McNealy’s old pal Eric Schmidt, or at least his Google legal team, may have channeled the loquacious executive in responding to a lawsuit filed against the search advertising company. Google’s legal response to Aaron and Christine Boring blasted their expectation of privacy as being, well, so last century.

In Google’s opinion being able to see the front of a house from a driveway tosses away any claim at having one’s privacy violated. The Borings sued Google in April over photos a Google Street View camera car took from the street, which the Borings claim is a marked, private road.

The Smoking Gun published Google’s response to the suit. The search advertising company said "complete privacy does not exist" with regards to the photos they took and subsequently removed of the Boring’s home.

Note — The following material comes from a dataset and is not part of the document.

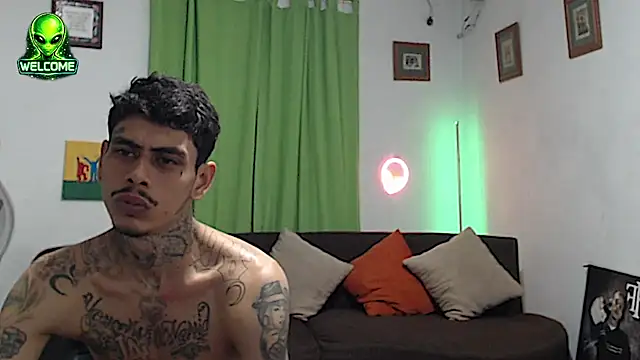 alpha_zom - Alpha_zom's free webcam - UK Sex Cams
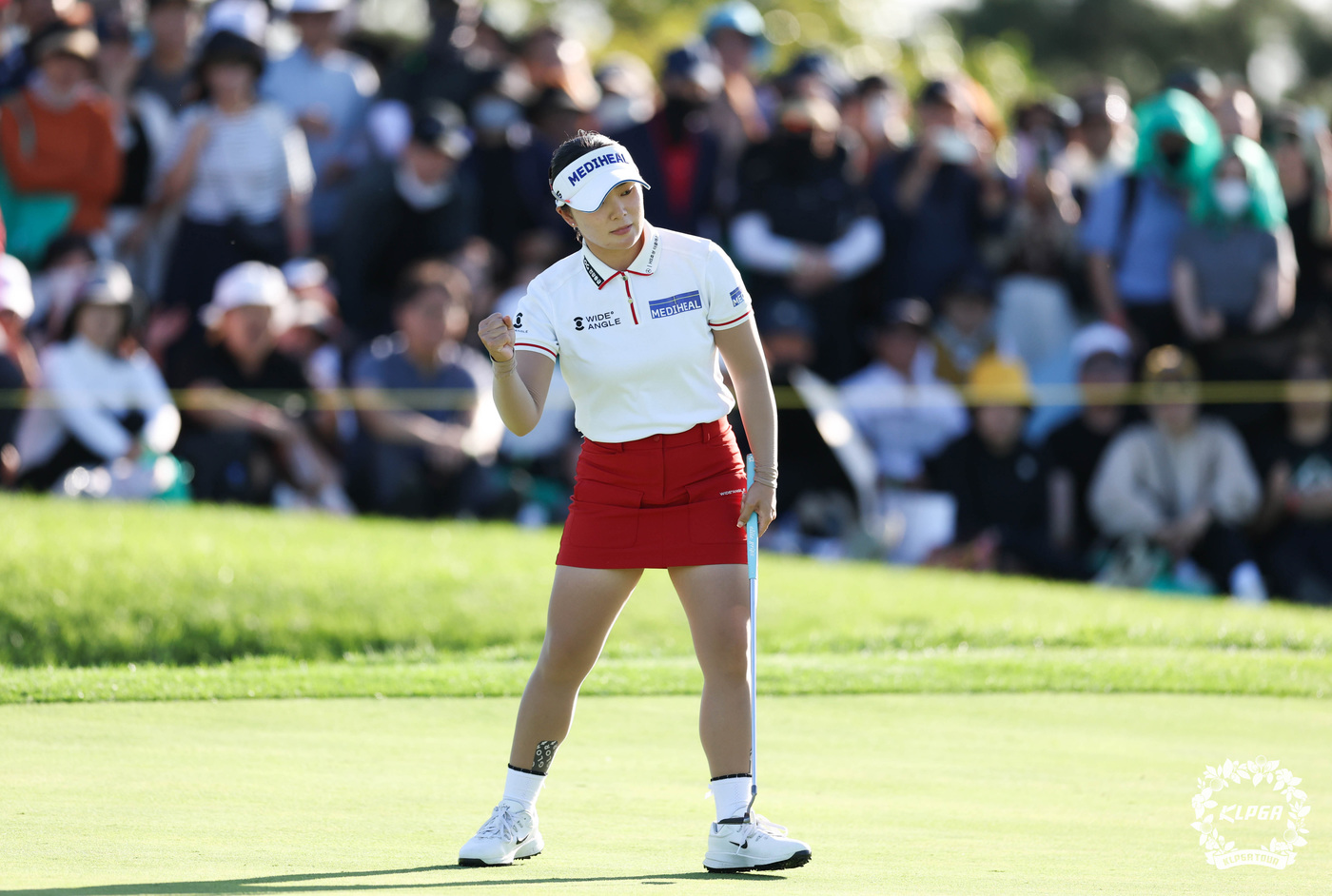 (서울=뉴스1) = 이다연 프로가 21일 인천 청라에 위치한 베어즈베스트 청라GC에서 열린 '하나금융그룹 챔피언십' 파이널 라운드 연장 두 번째 홀에서 주먹을 불끈 쥐며 기뻐하고 …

"Google has countered that the couple ‘live in a residential community in the twenty-first-century United States, where every step upon private property is not deemed by law to be an actionable trespass’," The Smoking Gun said. Part of Google’s request for dismissal contained the ‘no complete privacy’ line:

 

[c]omplete privacy does not exist in this world except in a desert, and anyone who is not a hermit must expect and endure the ordinary incidents of the community life of which he [or she] is a part.

 

We’re surprised to learn that Google considers its roving cameras an ordinary part of everyday existence. Community life springs from communities, not data-voracious corporations. While the legal argument sounds plausible, the attitude behind Google’s position steps beyond arrogant into upraised middle-finger territory.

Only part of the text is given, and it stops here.